* Scraped caption text data

Start of Block

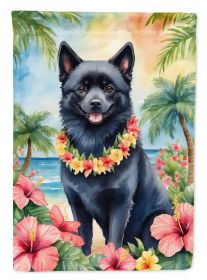 Schipperke Luau Garden Flag Mailbox Flag Decorative Yard Flag Banner Outside Patio Artwork Yard Flower Beds, Garden Size, Multicolor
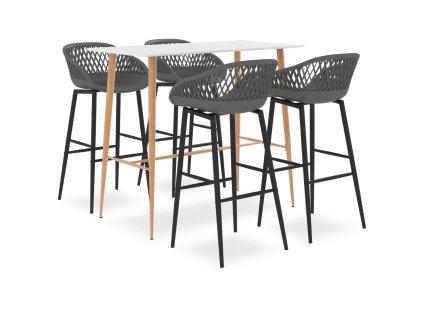 vidaXL 5dílný barový set bílo-šedý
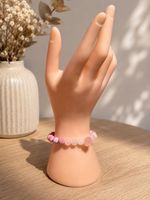 Bracelet pierres naturelles rhodonites et quartz rose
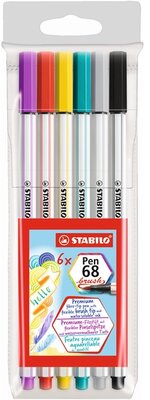 Stabilo Pen 68 brush 6db-os vegyes színű ecsetfilc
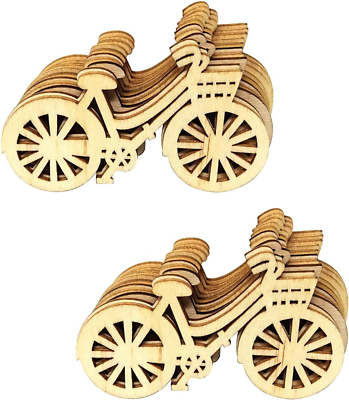 #ad 20PCS Wooden Bike Cutouts Unfinished Wooden Bicycle Pieces Ornaments for DIY Art $8.99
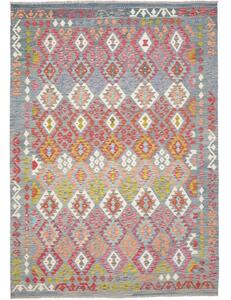 Tappeto Kilim Geometrico Azzurro Rosso Corallo 208x294 Cm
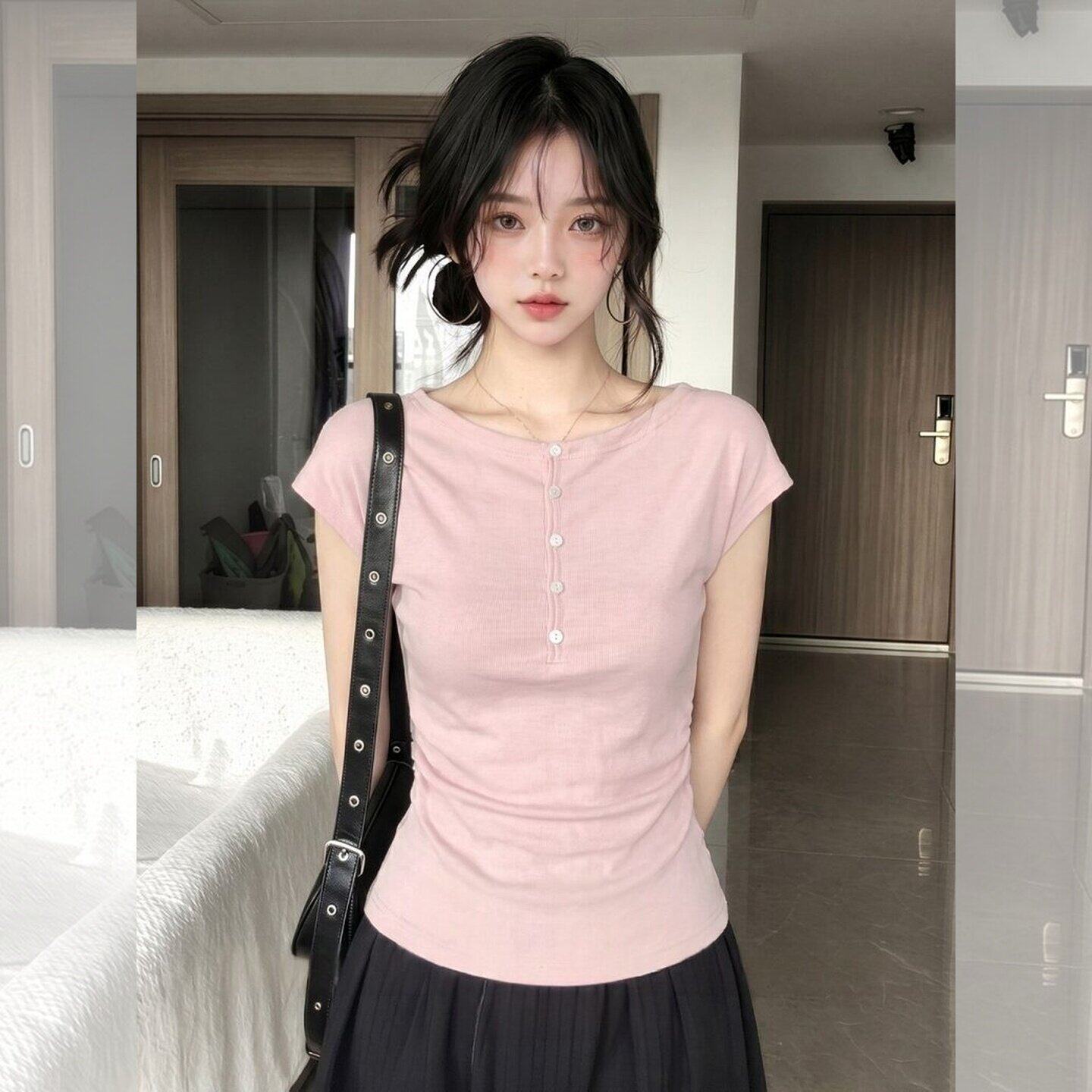 粉色百搭修身显瘦短袖t恤女2026新款夏季设计感气质独特漂亮上衣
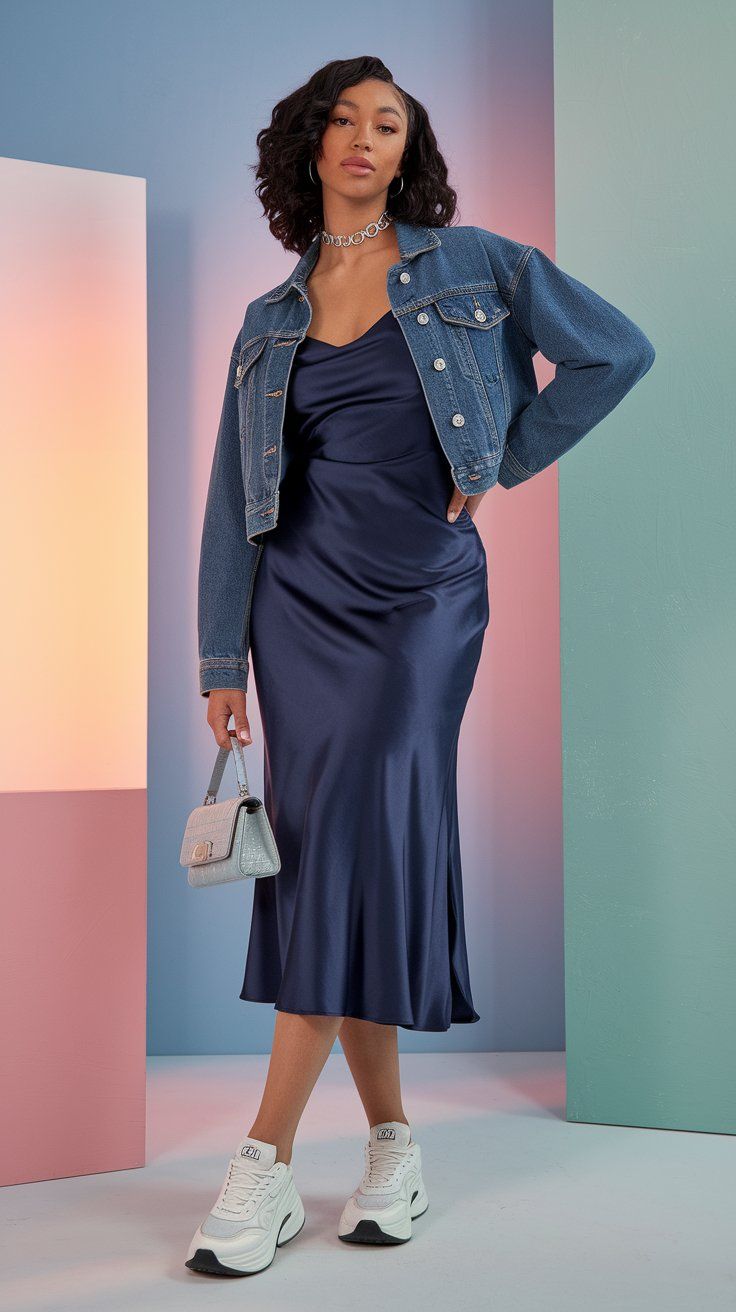 Silk summer dress over denim jacket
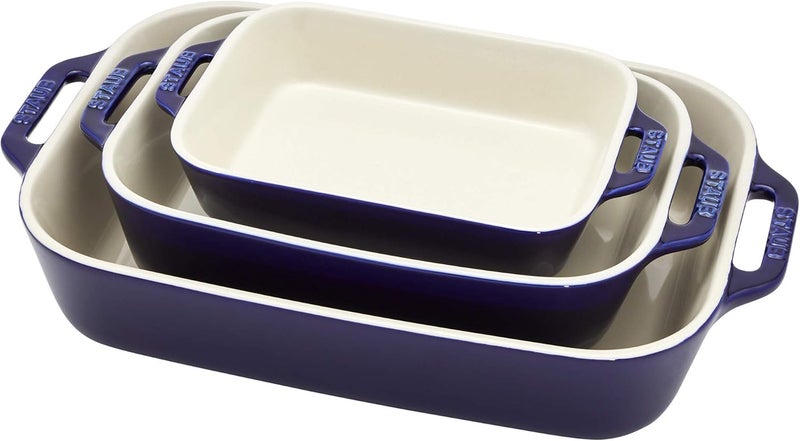 STAUB Ceramic 3-pc Rectangular Baking Dish Set, Dark Blue - Image 1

End of Block

Repeat all the records above exactly, leaving out any pictures.

 Schipperke Luau Garden Flag Mailbox Flag Decorative Yard Flag Banner Outside Patio Artwork Yard Flower Beds, Garden Size, Multicolor
 vidaXL 5dílný barový set bílo-šedý
 Bracelet pierres naturelles rhodonites et quartz rose
 Stabilo Pen 68 brush 6db-os vegyes színű ecsetfilc
 #ad 20PCS Wooden Bike Cutouts Unfinished Wooden Bicycle Pieces Ornaments for DIY Art $8.99
 Tappeto Kilim Geometrico Azzurro Rosso Corallo 208x294 Cm
 粉色百搭修身显瘦短袖t恤女2026新款夏季设计感气质独特漂亮上衣
 Silk summer dress over denim jacket
 STAUB Ceramic 3-pc Rectangular Baking Dish Set, Dark Blue - Image 1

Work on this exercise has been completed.